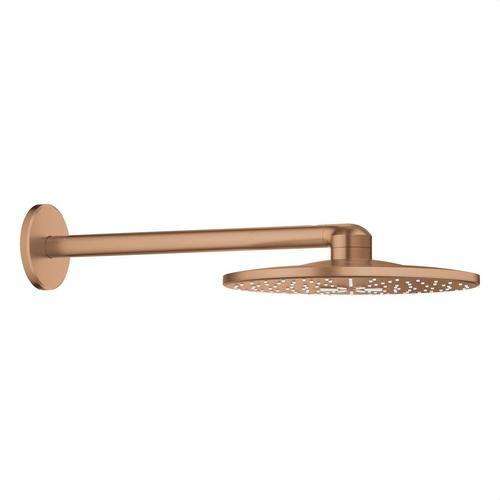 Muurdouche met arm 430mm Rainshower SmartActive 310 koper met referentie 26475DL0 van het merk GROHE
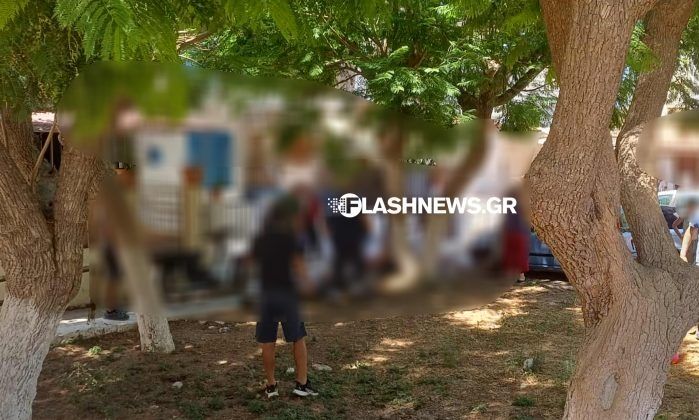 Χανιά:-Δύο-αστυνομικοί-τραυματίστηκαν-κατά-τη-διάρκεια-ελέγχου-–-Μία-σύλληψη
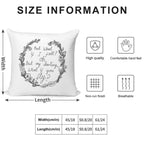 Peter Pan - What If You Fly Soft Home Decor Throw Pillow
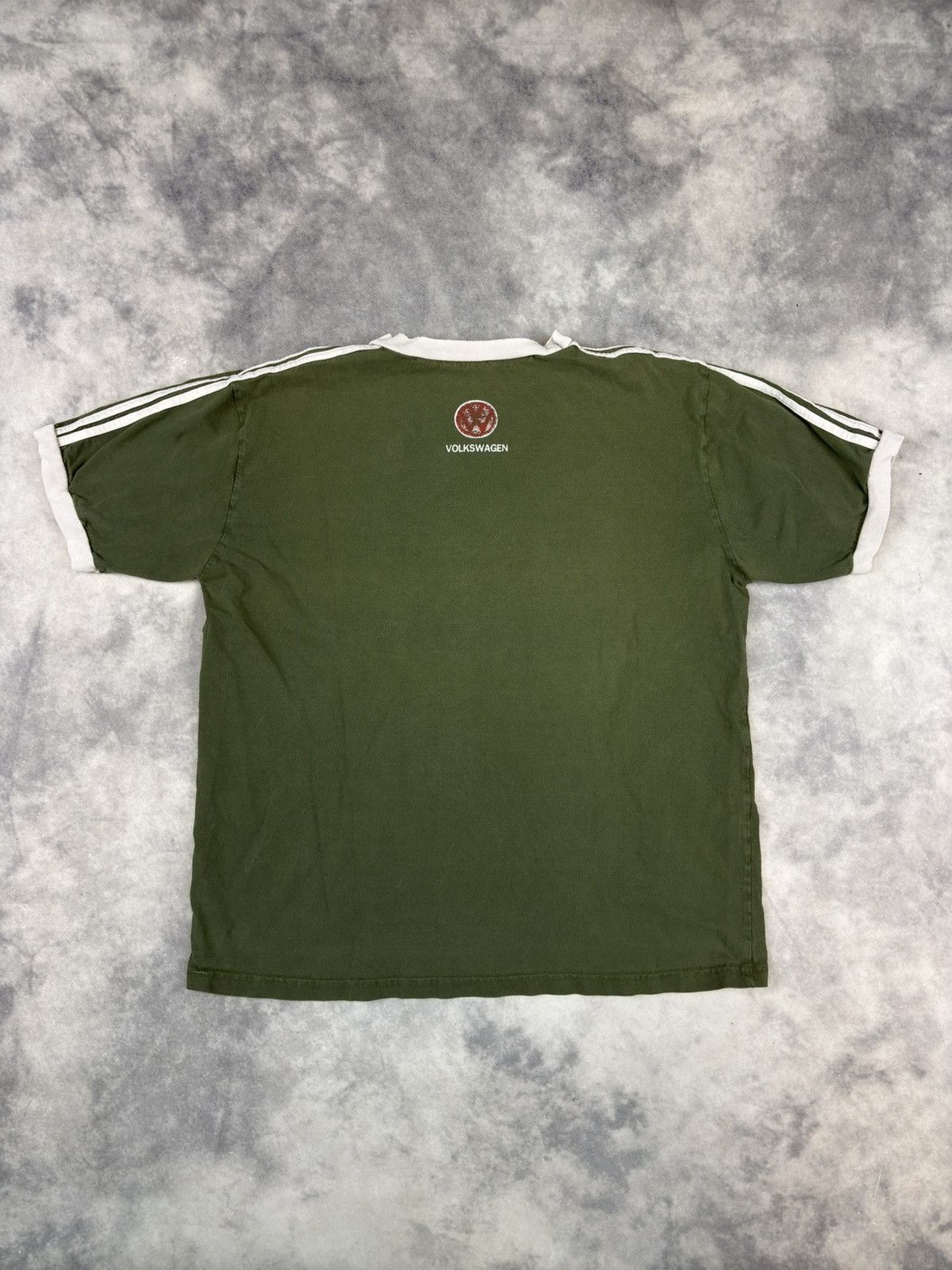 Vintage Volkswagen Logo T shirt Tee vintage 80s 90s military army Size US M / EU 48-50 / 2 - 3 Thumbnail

* * *

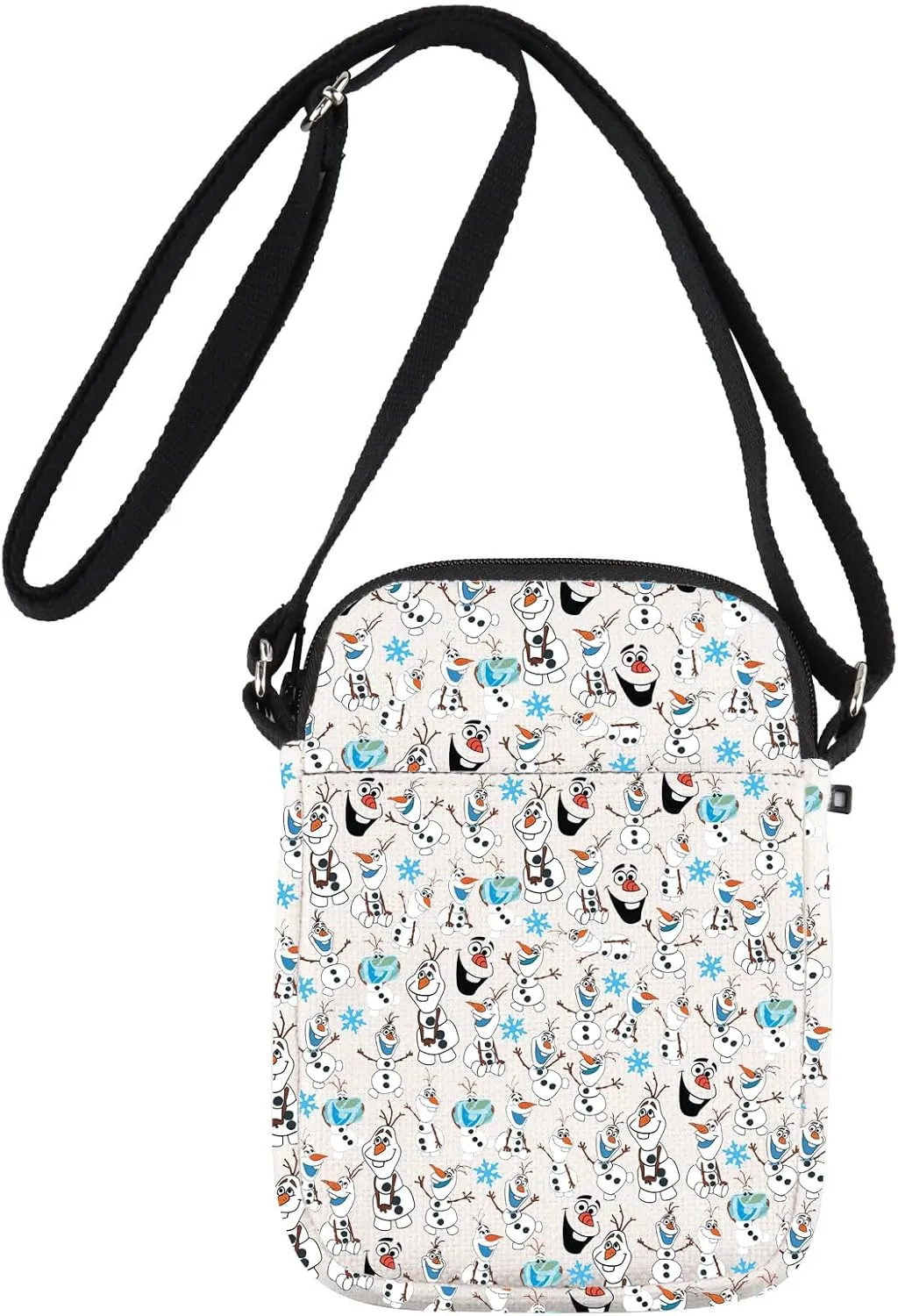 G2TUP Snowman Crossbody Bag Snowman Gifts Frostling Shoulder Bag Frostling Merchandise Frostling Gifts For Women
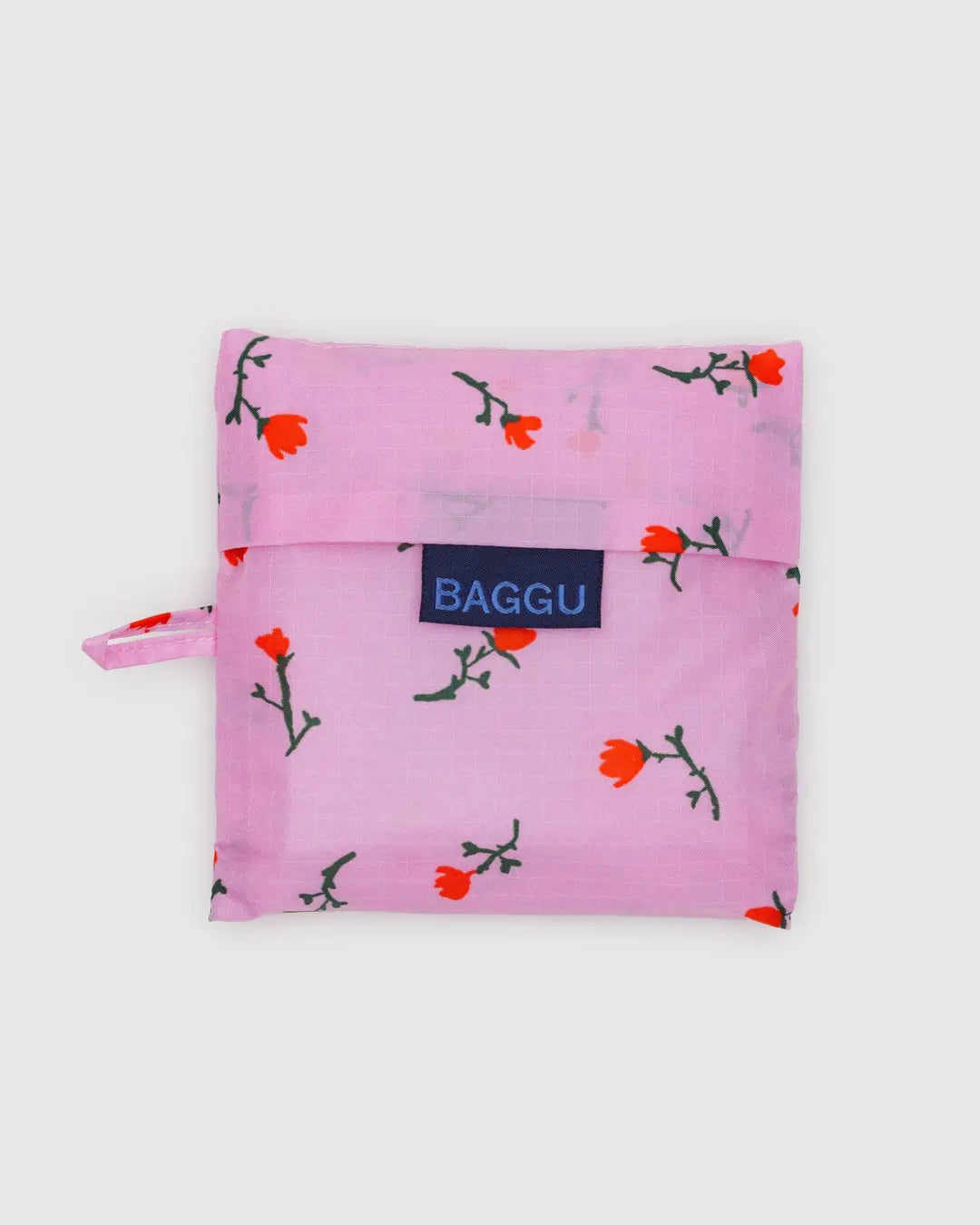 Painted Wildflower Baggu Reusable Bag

==

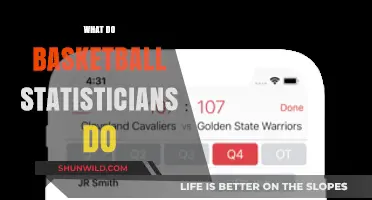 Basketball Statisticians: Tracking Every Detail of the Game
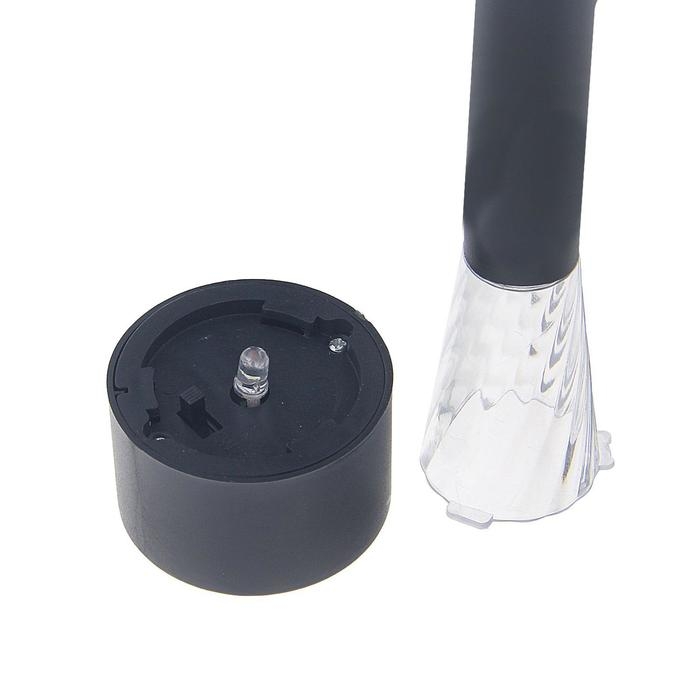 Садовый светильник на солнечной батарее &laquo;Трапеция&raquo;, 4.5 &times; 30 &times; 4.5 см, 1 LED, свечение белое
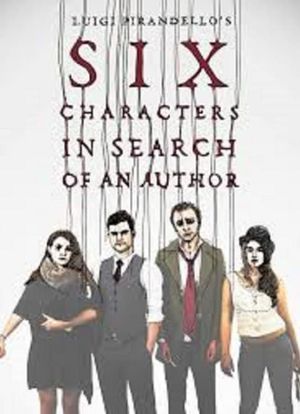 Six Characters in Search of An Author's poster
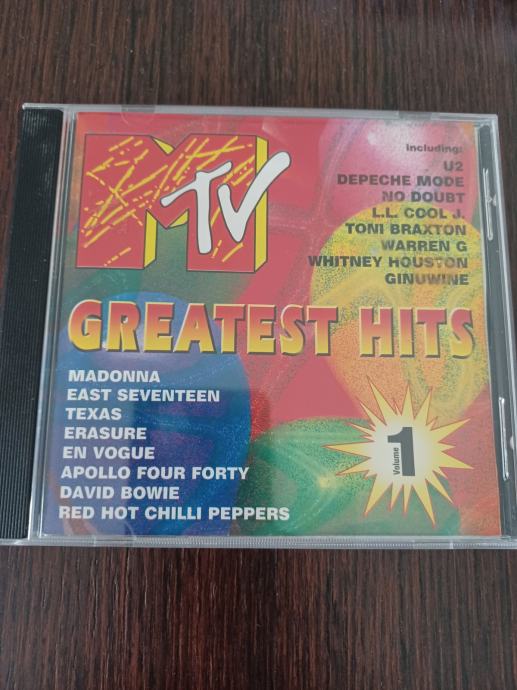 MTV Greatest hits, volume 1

WHAT YOU HAVE TO DO
Without the pictures, set down the lines above from the line with "G2TUP Snowman Crossbody" up to and including the line with "Painted Wildflower Baggu Reusable Bag" exactly as they stand.

RESPONSE TO THIS EXERCISE
 G2TUP Snowman Crossbody Bag Snowman Gifts Frostling Shoulder Bag Frostling Merchandise Frostling Gifts For Women
 Painted Wildflower Baggu Reusable Bag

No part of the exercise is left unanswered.